His friend Mohammed worked in a restaurant where 11 of the 14 waiters were also called Mohammed. They used their colleges as names. “Hi Princeton! Hi Columbia!” He was earnestly seeking advice on how to change his name. Quickly.

You could almost tell how foreign a storekeeper, or a yellow cab driver felt from how many flags they were flying or sticking like talismans on their doors and windows. And the more I spoke to people, I could see solid reasons for the fear. “Someone must be punished,” is a universal cry. I did a radio interview for the left-wing station Pacifica in California. The anchorman on the other side of the continent, said “We have to punish them.” Inhaling the smoke from what was after all a near-miss for me personally, I asked, “How do you punish eighteen people who have just killed themselves? And if they had accomplices, can you trust the ideologues round this administration, the Cheneys and Rumsfelds, to identify the real perpetrators rather than use the opportunity to hit at their own perverse enemies’ list?”

I could trust Powell, who knows that even gestures have their price, but the others worried me. Each day, the news brought more suggestions of right-wing wish lists being tacked across the stable door after the Trojan horse had already exploded. More wire taps, tougher immigration, more defence spending, and calls for action all the more ominous for being so nebulously targeted.

I had seen the best side of New York and America in the long lines of volunteers, the heroism of the rescuers, the donations of food, clothes, and money, and the flood of resources available when the will was there. But the urge to do something could be as innocuous as standing on street corners with candles, or it could lead to applause for the incineration of other faraway cities of which they know or care little.

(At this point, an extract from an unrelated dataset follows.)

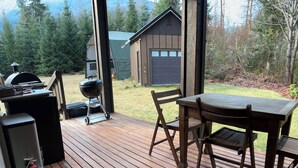 A wooden deck with a table and chairs, a barbecue grill, and a fire extinguisher. - Ashford cabin,Mt. Rainier view. Private river access, 17 acres, 5 mi to MRNP (Ashford)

As Sunday drew on, Mayor Giuliani opened the way to Wall Street. Back to normalcy. Radio advertisements told Americans that the way to show their patriotism was to show their support for American companies. “Buy stock,” the broker harangued. I did a double take: it was genuine, not some subversive parody. And within sniffing distance, an army of rescuers used muscle power to sift the still smouldering ruins, looking with almost certain futility for survivors among the five thousand lives snuffed out in less than an hour on bright sunny morning in Manhattan.